Reproduce the entries so that every line matches the original exactly.
· · ·
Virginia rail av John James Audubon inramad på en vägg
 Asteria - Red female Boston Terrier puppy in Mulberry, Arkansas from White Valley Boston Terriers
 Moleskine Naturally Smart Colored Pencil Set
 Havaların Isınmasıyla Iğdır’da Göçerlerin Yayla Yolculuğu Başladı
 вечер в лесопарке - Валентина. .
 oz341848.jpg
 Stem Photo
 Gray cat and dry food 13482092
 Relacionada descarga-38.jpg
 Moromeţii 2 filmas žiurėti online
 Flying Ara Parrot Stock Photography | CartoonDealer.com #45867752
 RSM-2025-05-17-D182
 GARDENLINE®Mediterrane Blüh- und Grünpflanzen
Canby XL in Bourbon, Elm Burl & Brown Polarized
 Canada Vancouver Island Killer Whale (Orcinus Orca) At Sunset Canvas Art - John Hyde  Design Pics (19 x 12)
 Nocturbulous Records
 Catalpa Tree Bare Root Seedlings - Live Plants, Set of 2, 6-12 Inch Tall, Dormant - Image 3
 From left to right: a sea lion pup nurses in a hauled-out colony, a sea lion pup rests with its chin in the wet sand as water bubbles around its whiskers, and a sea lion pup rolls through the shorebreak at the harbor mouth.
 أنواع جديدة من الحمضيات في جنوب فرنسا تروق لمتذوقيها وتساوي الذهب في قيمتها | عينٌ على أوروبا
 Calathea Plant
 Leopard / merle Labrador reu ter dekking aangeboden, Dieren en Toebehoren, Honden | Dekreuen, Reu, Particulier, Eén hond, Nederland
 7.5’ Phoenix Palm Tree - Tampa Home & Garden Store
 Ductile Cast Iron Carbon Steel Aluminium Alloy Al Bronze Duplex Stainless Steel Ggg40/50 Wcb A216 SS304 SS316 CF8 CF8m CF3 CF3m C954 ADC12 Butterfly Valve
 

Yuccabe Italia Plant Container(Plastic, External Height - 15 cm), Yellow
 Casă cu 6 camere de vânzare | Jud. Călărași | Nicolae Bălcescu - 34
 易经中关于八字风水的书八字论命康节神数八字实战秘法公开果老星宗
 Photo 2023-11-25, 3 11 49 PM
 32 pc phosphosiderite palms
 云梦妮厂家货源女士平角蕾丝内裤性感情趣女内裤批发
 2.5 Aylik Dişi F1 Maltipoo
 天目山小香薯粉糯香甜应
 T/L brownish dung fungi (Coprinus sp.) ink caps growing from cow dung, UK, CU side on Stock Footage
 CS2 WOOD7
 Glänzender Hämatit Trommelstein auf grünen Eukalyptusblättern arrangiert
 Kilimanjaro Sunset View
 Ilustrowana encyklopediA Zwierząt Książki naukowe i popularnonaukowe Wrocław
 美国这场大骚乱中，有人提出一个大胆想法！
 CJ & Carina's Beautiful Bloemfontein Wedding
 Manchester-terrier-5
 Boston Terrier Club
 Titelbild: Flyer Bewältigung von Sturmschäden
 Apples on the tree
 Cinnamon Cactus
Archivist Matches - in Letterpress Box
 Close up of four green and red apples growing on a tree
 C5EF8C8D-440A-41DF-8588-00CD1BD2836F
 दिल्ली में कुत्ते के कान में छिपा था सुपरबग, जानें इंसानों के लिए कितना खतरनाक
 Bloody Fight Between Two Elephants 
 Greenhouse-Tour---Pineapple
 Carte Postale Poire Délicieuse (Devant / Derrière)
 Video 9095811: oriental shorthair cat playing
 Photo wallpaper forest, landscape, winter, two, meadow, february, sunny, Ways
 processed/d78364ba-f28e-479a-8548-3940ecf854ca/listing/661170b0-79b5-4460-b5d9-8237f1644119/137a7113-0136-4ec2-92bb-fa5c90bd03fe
· · ·
WRITTEN REPLY:
Virginia rail av John James Audubon inramad på en vägg
 Asteria - Red female Boston Terrier puppy in Mulberry, Arkansas from White Valley Boston Terriers
 Moleskine Naturally Smart Colored Pencil Set
 Havaların Isınmasıyla Iğdır’da Göçerlerin Yayla Yolculuğu Başladı
 вечер в лесопарке - Валентина. .
 oz341848.jpg
 Stem Photo
 Gray cat and dry food 13482092
 Relacionada descarga-38.jpg
 Moromeţii 2 filmas žiurėti online
 Flying Ara Parrot Stock Photography | CartoonDealer.com #45867752
 RSM-2025-05-17-D182
 GARDENLINE®Mediterrane Blüh- und Grünpflanzen
Canby XL in Bourbon, Elm Burl & Brown Polarized
 Canada Vancouver Island Killer Whale (Orcinus Orca) At Sunset Canvas Art - John Hyde  Design Pics (19 x 12)
 Nocturbulous Records
 Catalpa Tree Bare Root Seedlings - Live Plants, Set of 2, 6-12 Inch Tall, Dormant - Image 3
 From left to right: a sea lion pup nurses in a hauled-out colony, a sea lion pup rests with its chin in the wet sand as water bubbles around its whiskers, and a sea lion pup rolls through the shorebreak at the harbor mouth.
 أنواع جديدة من الحمضيات في جنوب فرنسا تروق لمتذوقيها وتساوي الذهب في قيمتها | عينٌ على أوروبا
 Calathea Plant
 Leopard / merle Labrador reu ter dekking aangeboden, Dieren en Toebehoren, Honden | Dekreuen, Reu, Particulier, Eén hond, Nederland
 7.5’ Phoenix Palm Tree - Tampa Home & Garden Store
 Ductile Cast Iron Carbon Steel Aluminium Alloy Al Bronze Duplex Stainless Steel Ggg40/50 Wcb A216 SS304 SS316 CF8 CF8m CF3 CF3m C954 ADC12 Butterfly Valve
 

Yuccabe Italia Plant Container(Plastic, External Height - 15 cm), Yellow
 Casă cu 6 camere de vânzare | Jud. Călărași | Nicolae Bălcescu - 34
 易经中关于八字风水的书八字论命康节神数八字实战秘法公开果老星宗
 Photo 2023-11-25, 3 11 49 PM
 32 pc phosphosiderite palms
 云梦妮厂家货源女士平角蕾丝内裤性感情趣女内裤批发
 2.5 Aylik Dişi F1 Maltipoo
 天目山小香薯粉糯香甜应
 T/L brownish dung fungi (Coprinus sp.) ink caps growing from cow dung, UK, CU side on Stock Footage
 CS2 WOOD7
 Glänzender Hämatit Trommelstein auf grünen Eukalyptusblättern arrangiert
 Kilimanjaro Sunset View
 Ilustrowana encyklopediA Zwierząt Książki naukowe i popularnonaukowe Wrocław
 美国这场大骚乱中，有人提出一个大胆想法！
 CJ & Carina's Beautiful Bloemfontein Wedding
 Manchester-terrier-5
 Boston Terrier Club
 Titelbild: Flyer Bewältigung von Sturmschäden
 Apples on the tree
 Cinnamon Cactus
Archivist Matches - in Letterpress Box
 Close up of four green and red apples growing on a tree
 C5EF8C8D-440A-41DF-8588-00CD1BD2836F
 दिल्ली में कुत्ते के कान में छिपा था सुपरबग, जानें इंसानों के लिए कितना खतरनाक
 Bloody Fight Between Two Elephants 
 Greenhouse-Tour---Pineapple
 Carte Postale Poire Délicieuse (Devant / Derrière)
 Video 9095811: oriental shorthair cat playing
 Photo wallpaper forest, landscape, winter, two, meadow, february, sunny, Ways
 processed/d78364ba-f28e-479a-8548-3940ecf854ca/listing/661170b0-79b5-4460-b5d9-8237f1644119/137a7113-0136-4ec2-92bb-fa5c90bd03fe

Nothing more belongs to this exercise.